Desde la creación de Líbano, Siria consideró que aquellas tierras le habían sido arrebatadas y en ningún momento desistió de manejar la política del país. La versatilidad de la políticos libaneses y sus vuelcos de alianza en su relación con Siria resultan aberrantes para cualquier no especialista. Hasta la Guerra Civil, los Chiíes habían sido los parientes pobres por no decir los parias de Líbano. Su pujanza demográfica y el crecimiento ininterrumpido de su potencial militar les confierieron un papel ineludible. Tras el fracasado intento israelí de eliminarlo en 2006, el Hezbolá se ha convertido en el árbitro por no decir el dueño de la situación política libanesa. Es el brazo armado y el instrumento de Siria.

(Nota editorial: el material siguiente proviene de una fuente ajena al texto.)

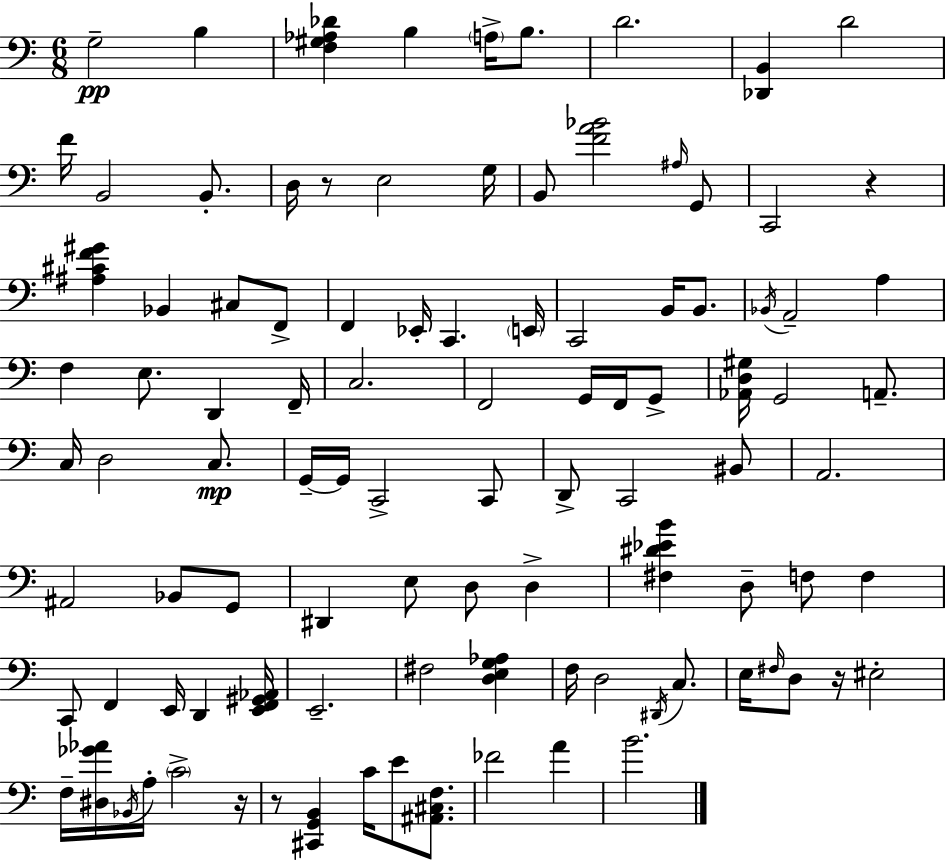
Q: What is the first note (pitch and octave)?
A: G3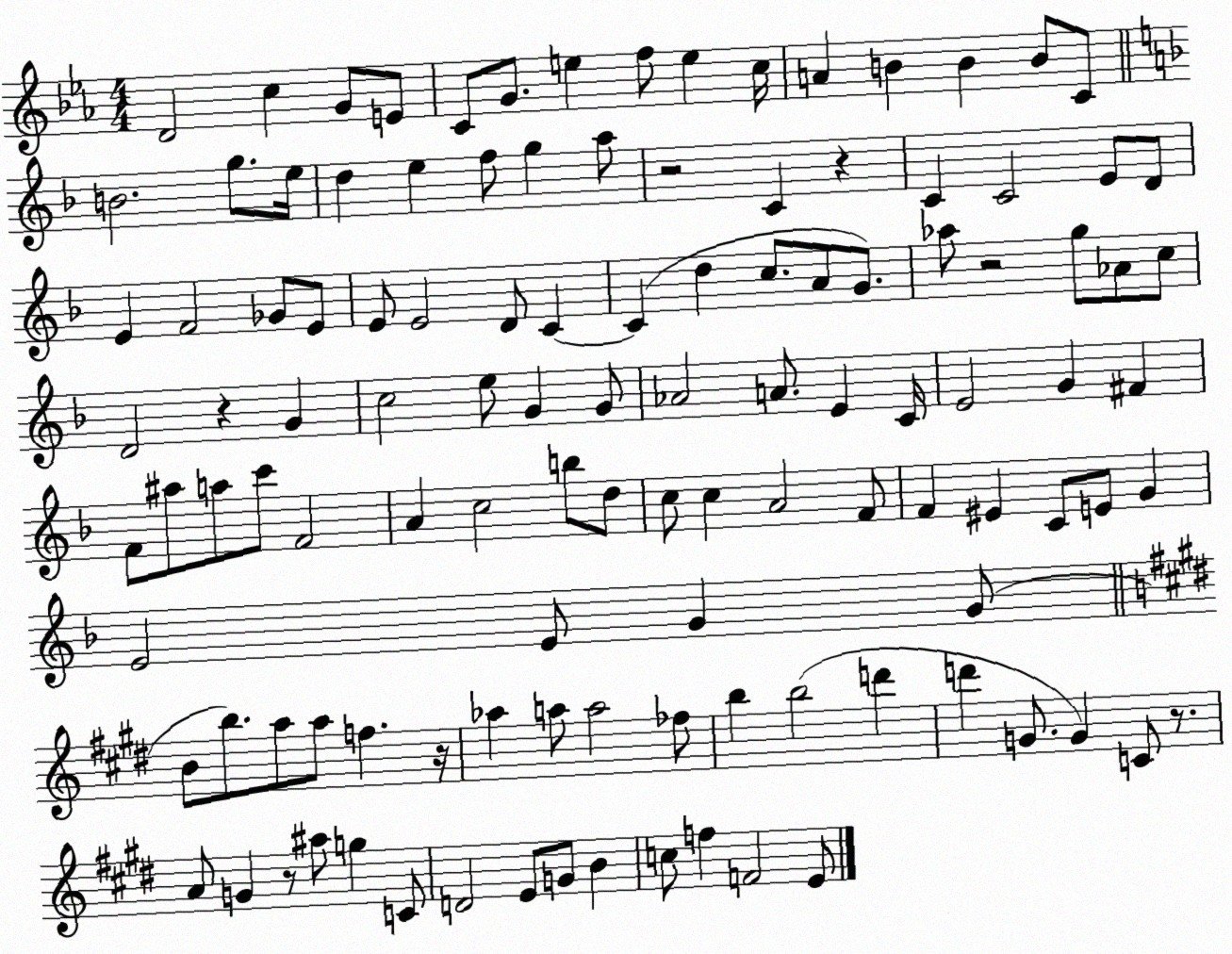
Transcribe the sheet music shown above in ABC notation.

X:1
T:Untitled
M:4/4
L:1/4
K:Eb
D2 c G/2 E/2 C/2 G/2 e f/2 e c/4 A B B B/2 C/2 B2 g/2 e/4 d e f/2 g a/2 z2 C z C C2 E/2 D/2 E F2 _G/2 E/2 E/2 E2 D/2 C C d c/2 A/2 G/2 _a/2 z2 g/2 _A/2 c/2 D2 z G c2 e/2 G G/2 _A2 A/2 E C/4 E2 G ^F F/2 ^a/2 a/2 c'/2 F2 A c2 b/2 d/2 c/2 c A2 F/2 F ^E C/2 E/2 G E2 E/2 G G/2 B/2 b/2 a/2 a/2 f z/4 _a a/2 a2 _f/2 b b2 d' d' G/2 G C/2 z/2 A/2 G z/2 ^a/2 g C/2 D2 E/2 G/2 B c/2 f F2 E/2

Ellos y sus padrinos sirios e iraníes son sospechosos de haber organizado el atentado que mató a Rafiq Hariri, primer ministro sunita, en 2005 así como el rosario de asesinatos de personalidades antisirias en los meses siguientes. Hoy el actual Presidente libanés, Michel Aoun, fervoroso líder antisirio durante la Guerra Civil, ha suscrito una alianza con Hezbolá. El Primer Ministro Saad Hariri, hijo de Rafiq, sunita con doble nacionalidad libanesa y saudita, gobernaba con el asentimiento del Hezbolá hasta la espantá del 4 de Noviembre sin duda forzada por los propios saudíes. El próximo episodio nos tiene en vilo.

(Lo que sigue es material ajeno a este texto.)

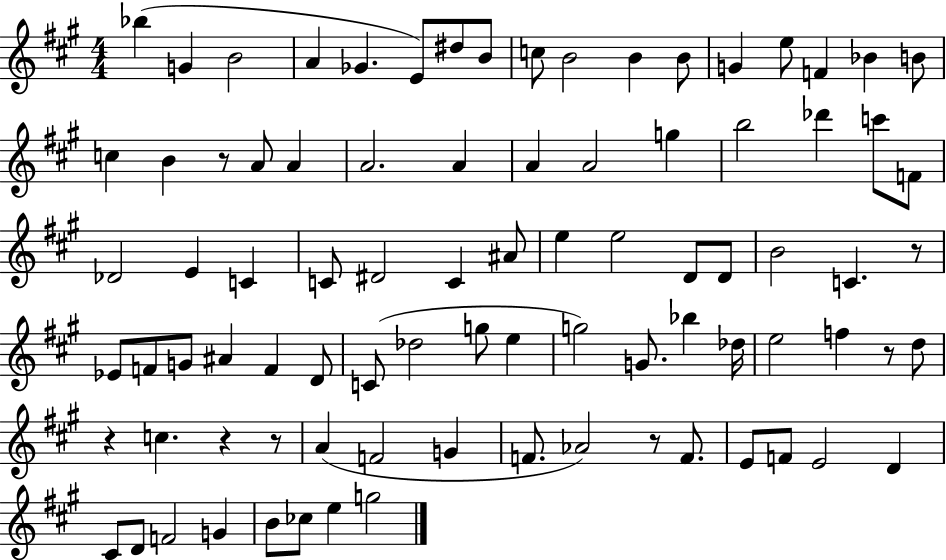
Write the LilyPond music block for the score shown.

{
  \clef treble
  \numericTimeSignature
  \time 4/4
  \key a \major
  bes''4( g'4 b'2 | a'4 ges'4. e'8) dis''8 b'8 | c''8 b'2 b'4 b'8 | g'4 e''8 f'4 bes'4 b'8 | \break c''4 b'4 r8 a'8 a'4 | a'2. a'4 | a'4 a'2 g''4 | b''2 des'''4 c'''8 f'8 | \break des'2 e'4 c'4 | c'8 dis'2 c'4 ais'8 | e''4 e''2 d'8 d'8 | b'2 c'4. r8 | \break ees'8 f'8 g'8 ais'4 f'4 d'8 | c'8( des''2 g''8 e''4 | g''2) g'8. bes''4 des''16 | e''2 f''4 r8 d''8 | \break r4 c''4. r4 r8 | a'4( f'2 g'4 | f'8. aes'2) r8 f'8. | e'8 f'8 e'2 d'4 | \break cis'8 d'8 f'2 g'4 | b'8 ces''8 e''4 g''2 | \bar "|."
}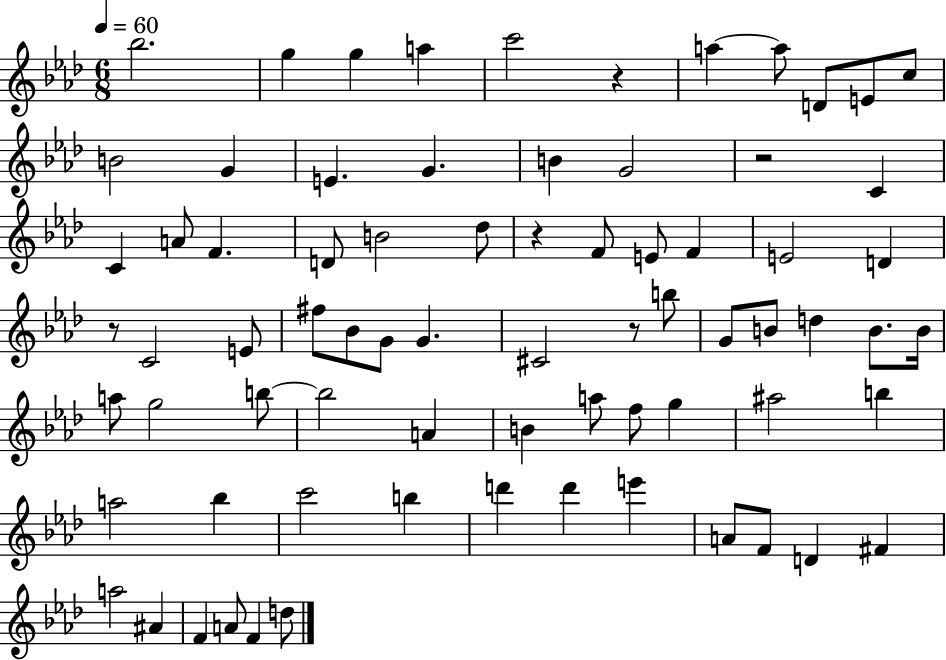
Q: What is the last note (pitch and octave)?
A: D5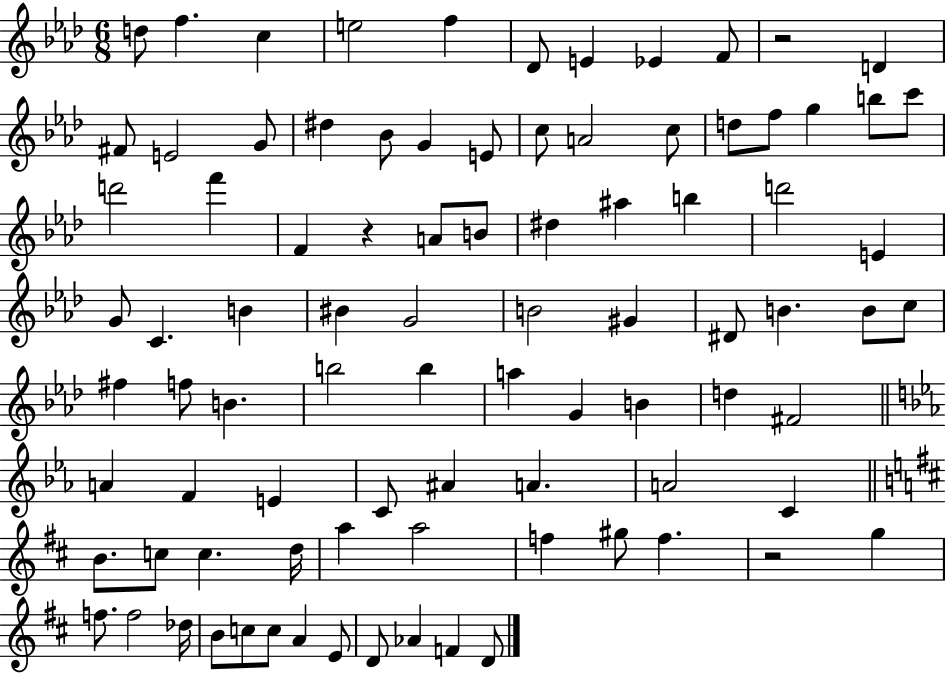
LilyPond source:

{
  \clef treble
  \numericTimeSignature
  \time 6/8
  \key aes \major
  \repeat volta 2 { d''8 f''4. c''4 | e''2 f''4 | des'8 e'4 ees'4 f'8 | r2 d'4 | \break fis'8 e'2 g'8 | dis''4 bes'8 g'4 e'8 | c''8 a'2 c''8 | d''8 f''8 g''4 b''8 c'''8 | \break d'''2 f'''4 | f'4 r4 a'8 b'8 | dis''4 ais''4 b''4 | d'''2 e'4 | \break g'8 c'4. b'4 | bis'4 g'2 | b'2 gis'4 | dis'8 b'4. b'8 c''8 | \break fis''4 f''8 b'4. | b''2 b''4 | a''4 g'4 b'4 | d''4 fis'2 | \break \bar "||" \break \key c \minor a'4 f'4 e'4 | c'8 ais'4 a'4. | a'2 c'4 | \bar "||" \break \key b \minor b'8. c''8 c''4. d''16 | a''4 a''2 | f''4 gis''8 f''4. | r2 g''4 | \break f''8. f''2 des''16 | b'8 c''8 c''8 a'4 e'8 | d'8 aes'4 f'4 d'8 | } \bar "|."
}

La perennidad de Líbano es un misterio. La violencia, los desequilibrios y las fracturas no han faltado en ningún momento de su corta historia y han llevado el país al borde del desastre en varias ocasiones. Pero es imposible evitar la sensación paradójica de que los propios enfrentamientos comunitarios son los que terminan creando una extraña coherencia y engendrando un real sentimiento de pertenencia nacional. El modo de vida libanés, indudablemente modelizado por las comunidades cristianas, destaca frente al gris ceniciento cuando no el negro fúnebre de las sociedades medio orientales. La fragilidad del país aparece como su particular modo de relación con la existencia. Dicen que en 2004 unos jóvenes musulmanes de visita en la iglesia de un aislado pueblo maronita de la Montaña Libanesa vieron cómo les sonreía una estatua de la Virgen mientras de la boca de uno de ellos, brotaba una oración cuyo final decía: “...O reina del Mundo, instaura la paz, el amor y la libertad sobre la faz de la Tierra”. Desde entonces los peregrinos musulmanes abarrotan Bechuate, la aldea de las apariciones, en número comparable con los cristianos. Es por lo visto muy habitual que los musulmanes libaneses lleven en la cartera una estampa de Maryam o peregrinen incluso a los santuarios marianos. Pero jamás de forma tan masiva como en Bechuate, claramente arrastrados por el mensaje de paz y reconciliación. Al mismo tiempo dice una etnóloga estudiosa del fenómeno, los peregrinos musulmanes jamás se mezclan con los cristianos. Libano solo vive de ser incertidumbre.